Besides throttling (T103905) is there anything they need to do to make sure this isn't a DoS vector?

aaron added a comment.Jul 15 2015, 7:58 AM

It would be interesting to dumps of all the queries for a request done for a typical case and a worse-type case.

In both cases 3 database queries are executed:
Query 1:

SELECT dump_id FROM wbqev_identifier_properties
WHERE identifier_pid IN ( ... );

Query 2:

SELECT * FROM wbqev_dump_information
LEFT JOIN wbqev_identifier_properties
ON wbqev_dump_information.dumpId = wbqev_identifier_properties.dump_id
WHERE wbqev_dump_information.dumpId IN ( ... );

Query 3:

SELECT ( dump_id, external_id, pid, external_value ) 
FROM wbqev_external_data
WHERE dump_id IN ( ... )
AND external_id IN ( ... )
AND pid IN ( ... );

Number of rows depends on how many external datasets are imported into the database. For now, we only use the GND as a counterpart database, which results in the following numbers:

Typical Case
Query 1 returns 1 row.
Query 2 returns 3 rows.
Query 3 returns 3 rows.

Worst Case
Query 1 returns 1 row.
Query 2 returns 3 rows.
Query 3 returns 22 rows.

Does this answers your question, or do you need more information?

@aaron Any update on this?
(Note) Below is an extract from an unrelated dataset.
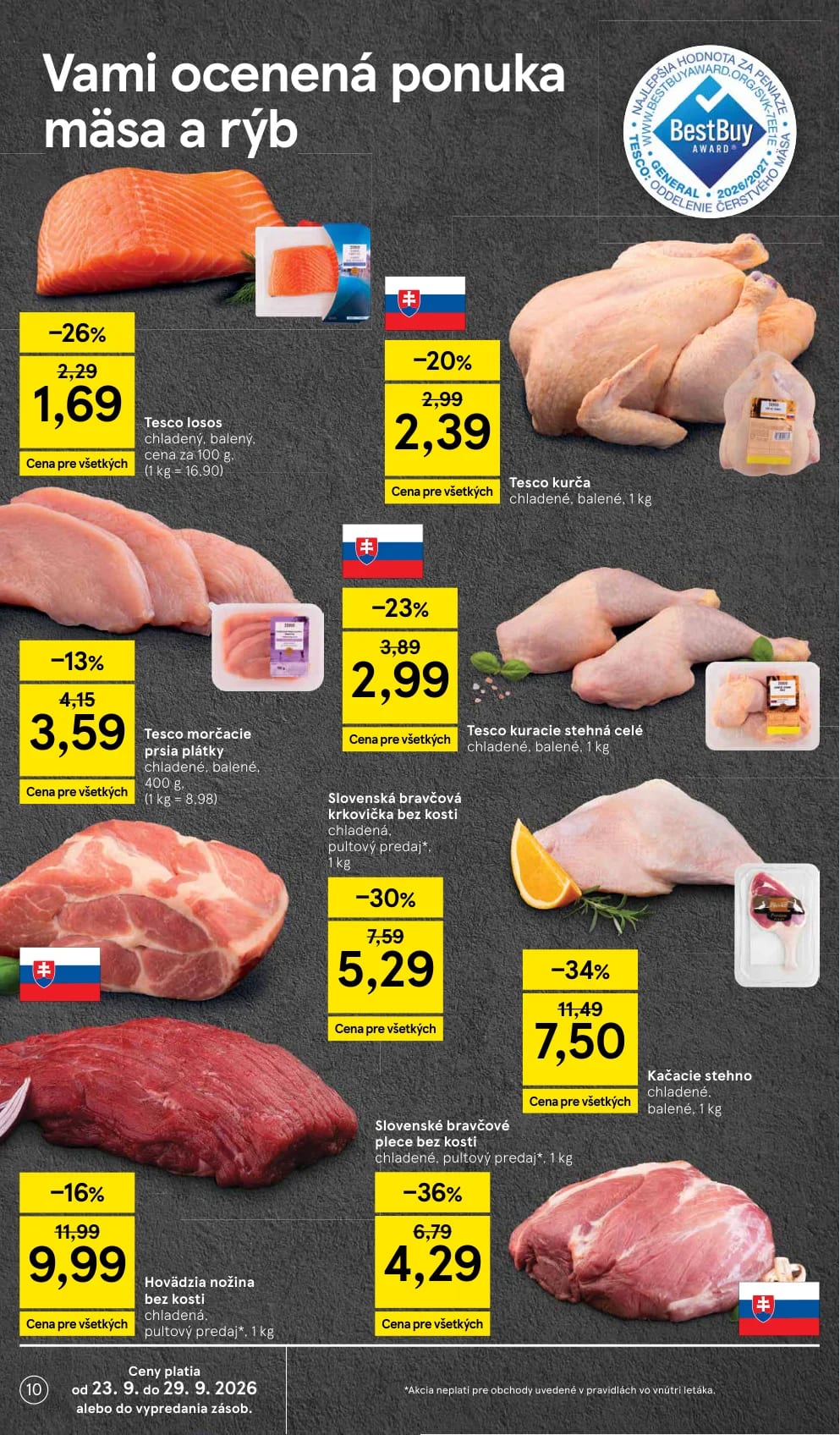 Tesco - strana 10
This looks like it is the last remaining blocker for deploying the extension.

aaron added a comment.Sep 9 2015, 8:35 PM

The JOIN for query #2 does not seem to have an index. wbqev_identifier_properties has:

PRIMARY KEY (identifier_pid, dump_id)

...but nothing like (dump_id). Is the wbqev_identifier_properties table going to pruned of older dumps or will it just keep growing?

Query #3 would require a few clever index dives to run well. I'm not sure how smart MariaDB is here. Has anyone tried "EXPLAIN format=json" with a good dataset (doesn't have to be full size, but a few 100k items). My fear would be having just the (dump_id) index part used and scanning happening for the other two IN()s. On the revision table, two IN()s work fine:

EXPLAIN EXTENDED SELECT * FROM revision FORCE INDEX(rev_page_id) WHERE rev_page IN (5043734,3535,6234) AND rev_id IN (343535,23255,33626);
stdClass Object
    [id] => 1
    [select_type] => SIMPLE
    [table] => revision
    [type] => range
    [possible_keys] => rev_page_id
    [key] => rev_page_id
    [key_len] => 8
    [ref] => 
    [rows] => 9
    [filtered] => 100.00
    [Extra] => Using index condition

For wbqev_external_data, the only index with pid has it as the third part of the index.

CREATE INDEX /*i*/dump_id_external_id_pid ON /*_*/wbqev_external_data (dump_id, external_id, pid); mariadb will need to handle 3 levels of IN nesting to avoid scanning extra rows. It may work just fine, though it would be nice to know for sure.

I'm having trouble finding documentation about wbqev_external_data. The PK is just an opaque rowid field. How many rows might there be for any given (dump_id, external_id, pid) combination? What decides that number?

Was this deployed already? Perhaps this can just be closed.